As hits are generated from our high-throughput screening pipeline, the tractability of these small molecules is required before therapeutic consideration. To parse out attractive scaffolds, I conduct in-vitro and in-silico target identification experiments, for multiple stages in the Plasmodium life cycle. These efforts have led to the identification of several unique scaffolds with potent liver-stage specificity, and previously uncharacterized druggable targets in the asexual blood stage of infection.
I work as an undergraduate researcher under the guidance of Jenya Antonova, Ph.D. on the malaria asexual blood stage assay (ABS) and the liver stage assay.
I am an Infectious Diseases physician in my third year of fellowship at UC San Diego. I am interested in how next generation sequencing of pathogens from patient samples can answer biological and epidemiological questions. In the Winzeler lab, my projects include using selective whole genome amplification to enrich Plasmodium vivax DNA from patient samples for whole genome sequencing, and using proteomics to better understand malaria liver stage infection.
I work on the drug discovery of malaria. Together with the MDTIP Consortium, we try to understand the resistome and the drug-able genome of the malaria parasite. Making the parasite resistant to different compounds helps us find the mutations responsible for resistance and genes that confer resistance. On this basis we hope to find novel gene targets for the drug-like compounds. We are also trying to validate the gene targets for small molecules through CRISPR
I have been working to determine the mechanism of action of several classes of antimalarial compounds, using a combination of Plasmodium and yeast genetics and molecular biology. More recently, I have been focusing on examining parasite liver stage development using a combination of transcriptional analysis and site-specific proteomics.
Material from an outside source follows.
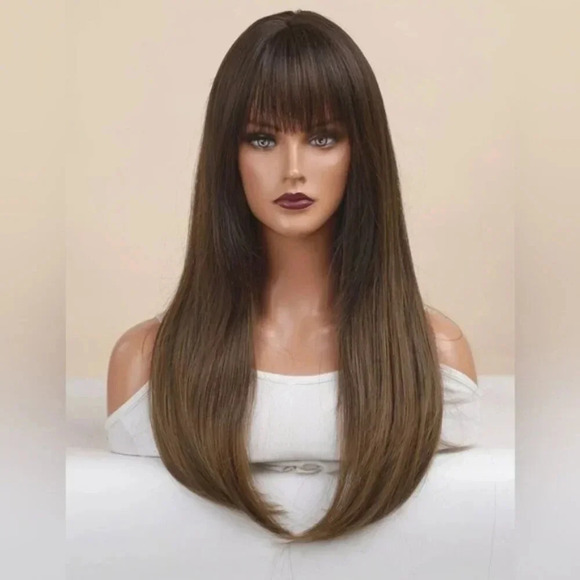 Brown To Dark Blonde hair Wig with Bangs 20” - Picture 9 of 11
Led a team of three people responsible for high-throughput screens (~30K/year) using a high content imaging platform in the search for new molecules against P. falciparum gametocytes. I have also developed competencies performing other cell-based drug screenings (liver and blood malaria parasite stage) using luciferase and sybr green systems. I am enthusiastic about fluorescence microscopy and high content imaging.
As the project manager of the MalDA Consortium, I am coordinating the efforts of multiple labs to discover the next generation of antimalarial drugs.
In addition, I am leading the efforts of Team Yeast to identify compounds with primary activity against eukaryotic pathogens causing diseases such as Malaria, Chagas’ disease, Schistosomiasis, Cryptosporidiosis and fungal infections and determine their cellular targets. Our approach utilizesa sensitized, attenuated strain of Saccharomyces cerevisiae, in vitro directed evolution and whole genome sequencing. By analyzing how yeast genetically adapts to treatment with small cytotoxic molecules we identify the compounds’ targets and/or targeted pathways, predict resistance mechanisms, and define sites of compound/protein interactions.